La grande bellezza

Crítica de Alejandra Portela - Leedor.com

Este jueves se estrena en Buenos Aires la pelicula que lleva a Paolo Sorrentino a ganar el BAFTA y a la candidatura por el Oscar. Una bella experiencia filmica.

“Viajar es útil, despierta la imaginación. Todo lo demás es desilusión y fatiga. Nuestro viaje es enteramente imaginario. Ahí reside su fuerza. Va de la vida a la muerte. Todo es inventado. Basta cerrar los ojos…” Esta cita de Celine: tomada de “Viaje al fin de la vida” prologa el nuevo film de Sorrentino que bien o mal está levantando polémica. Como en general pasa con las obras que sacuden.

En el comienzo, el viaje parte viendo la panorámica sesgada de Roma desde el Janiculo. Somos turistas en el parque Garibaldi, tras uno o dos planos del monumento de Garibaldi, prócer de la unificación alemana, un coro contemporáneo despliega “I lie” de David Lang, tema del minimalismo conceptualista, con algo de sagrado.

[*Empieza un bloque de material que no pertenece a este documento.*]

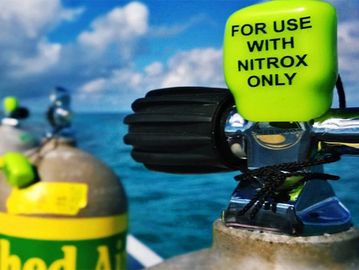 Scuba diving tanks labeled for Nitrox use on a boat with ocean background.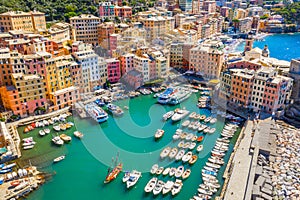 Camogli Marina aerial view. Boats and yachts moored in harbor with green water. A lot fo colorful buildings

Un japonés se desprende del grupo que escucha a la guía sobre la fuente del Aqua Paola, excelencia de la arquitectura barroca, cae al piso. Los habitantes de Roma son los turistas. “Los demás, mercaderes y tenderos”.

A partir de ahí, entramos a la fiesta, un grito inicia el remix electrónico de Bob Sinclair y Rafaela Carra y la postal de Roma no es la que puede dar el cine holywoodense, ni el documental del E-Planet, Roma aparece de soslayo. Sorrentino parece instalarse en una tradición que dispara hacia el futuro: mueve la colita y sigue el baile!

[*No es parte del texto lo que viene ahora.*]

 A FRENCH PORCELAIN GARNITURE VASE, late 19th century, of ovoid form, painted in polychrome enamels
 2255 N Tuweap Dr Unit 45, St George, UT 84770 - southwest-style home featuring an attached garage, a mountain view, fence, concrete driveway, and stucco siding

Su protagonista, el escritor de una sola novela Jep Gambardella (Toni Servilio) está destinado a la belleza y la sensiblidad, pero tambien, como todos los demás personajes, está destinado a la decadencia de un tiempo que ya no espera. Gep podrá detenerse en la luz que rebota en los puentes de Roma, en el Coliseo que se ve de su terraza, o en los pájaros que cruzan el cielo en sus caminatas por la ciudad pero tambien puede ser el ser más agudo y mas cruel: un insociable, un tipo que espera la muerte. Envidia y desprecio, sufrimiento y modernidad, ridiculo y orgullo, una sociedad que ostenta y esconde fragilidad y mentiras, banalidades. Un personaje distópico que observa los placeres del mundo con la mirada de un hombre de 65 años que mira una historia de amor del pasado.

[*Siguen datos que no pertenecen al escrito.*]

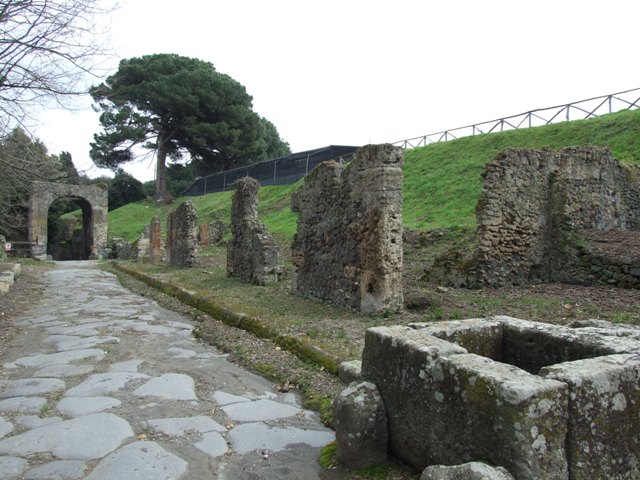 III.11.a Pompeii. May 2006. Remains of entrance, by poppies in blocked side street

En esa espera, Sorrentino aprovecha para pensar un tiempo conformado por movimientos de cámara que parecen irreales, bamboleantes o planos nocturnos prevalecen: la Plaza Navona en el ángulo la cámara supone alejarse tambien de la imagen de folleto de museo. Roma es barroca, atrapa en toda su retórica, y todo su eclecticismo contemporaneo: la Iglesia Santa Agnese en Agonia, el Museo Capitolino de noche, iluminado al ras, a contraluz, donde está la enorme escultura del rio que sirve de imagen del afiche del film, las raras vistas del templete de Bramante que marcan el lugar del martirio de San Pedro. Algunas de estas escenas parecen autónmas del resto. Ejercicios formales donde una nena escondida se identifica con la forma de una juguera de diseño moderno.

La belleza tambien es dolor y puesta en ridículo: la performance del golpe en la cabeza, la de la nena tirando latas de pintura contra la tela en una fiesta. Tiempos en que el dinero justifica todo y en que la espiritualidad tambien se convierte en espectáculo, la de la monja centenaria y milagrera en la ciudad de la cristiandad y del turismo.

Y por si no queda claro como puede aparecer la belleza frente a nuestros ojos, hay que quedarse hasta el final para ver el gran plano sobre el rio Tiber.